(WHAT IS NEEDED) This exercise calls for all the entries that follow to be set down exactly, without their images.

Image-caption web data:

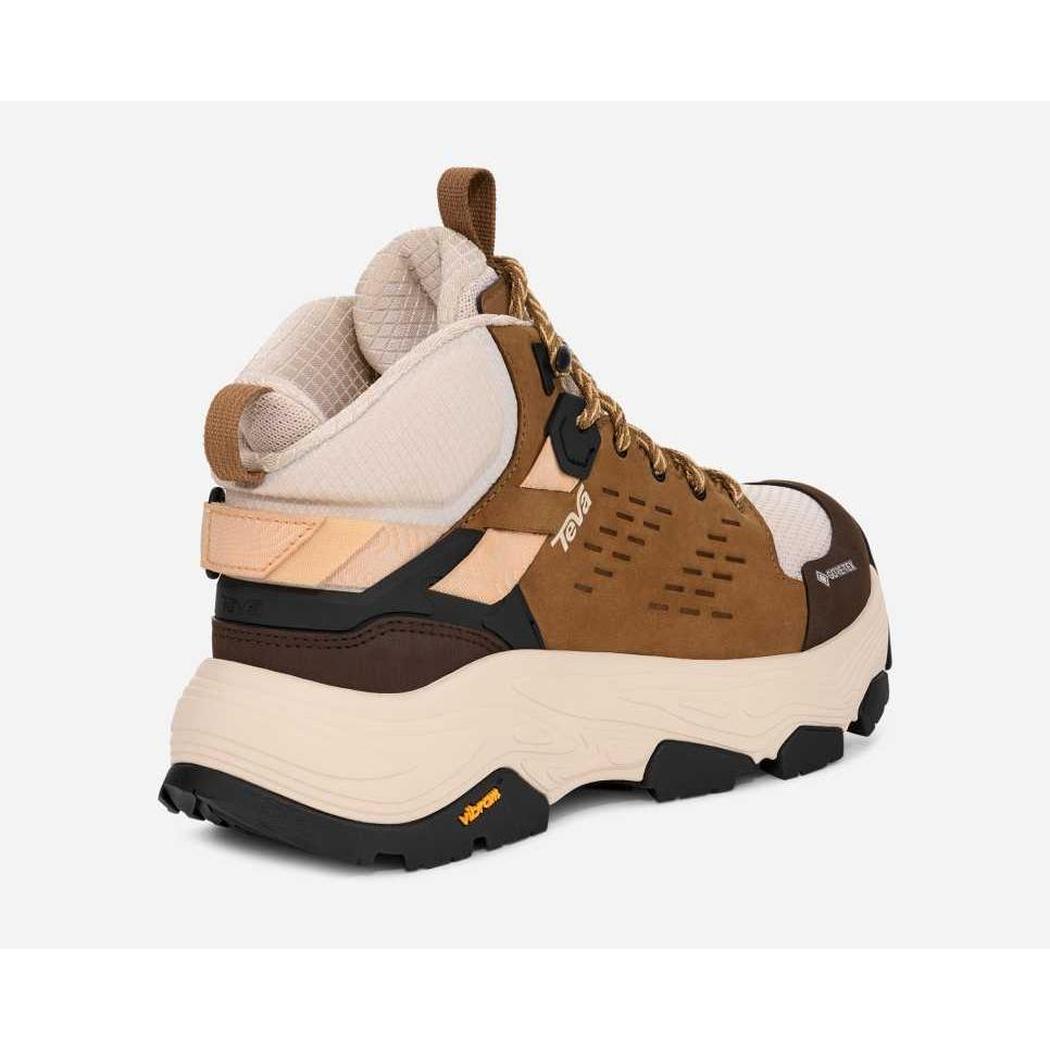 Teva Women's Grandview Max GTX-Women's - Footwear - Boots-Teva-Appalachian Outfitters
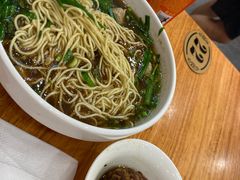 -欣达面馆(天桥支路店)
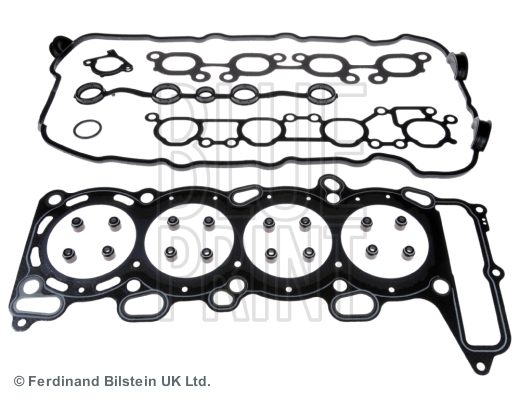BLUE PRINT ADN162152 Motor Silindir Kafa Contası - NISSAN ALMERA I Hatchback (N15) uyumlu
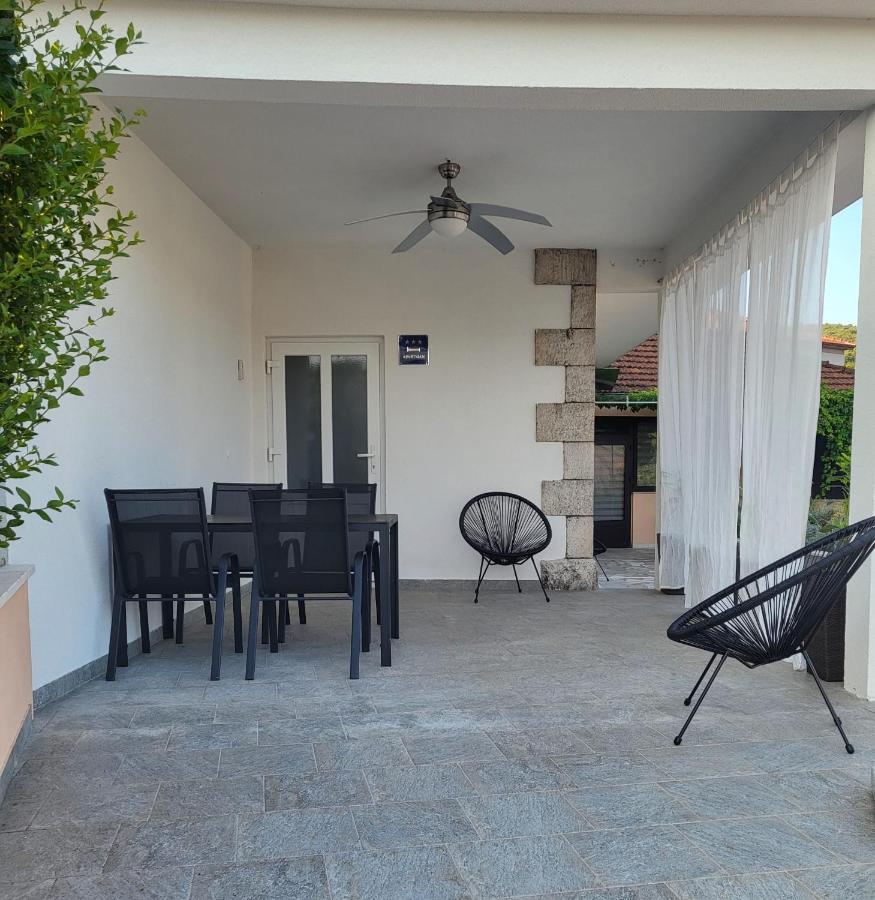 Apartment "Manna Zrnovo المظهر الخارجي الصورة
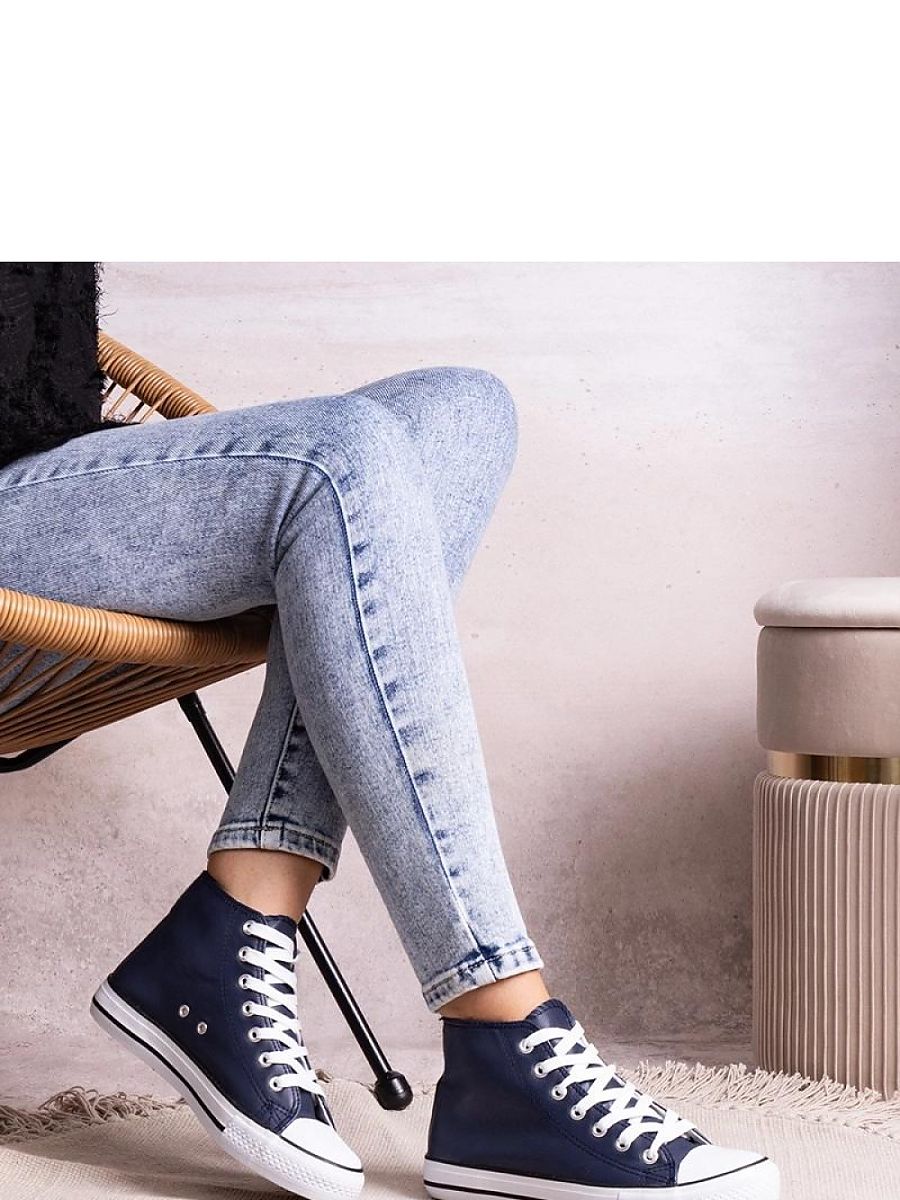  Sneakers model 207208 Solea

(WRITTEN RESPONSE)
 Teva Women's Grandview Max GTX-Women's - Footwear - Boots-Teva-Appalachian Outfitters
 -欣达面馆(天桥支路店)
BLUE PRINT ADN162152 Motor Silindir Kafa Contası - NISSAN ALMERA I Hatchback (N15) uyumlu
 Apartment "Manna Zrnovo المظهر الخارجي الصورة
  Sneakers model 207208 Solea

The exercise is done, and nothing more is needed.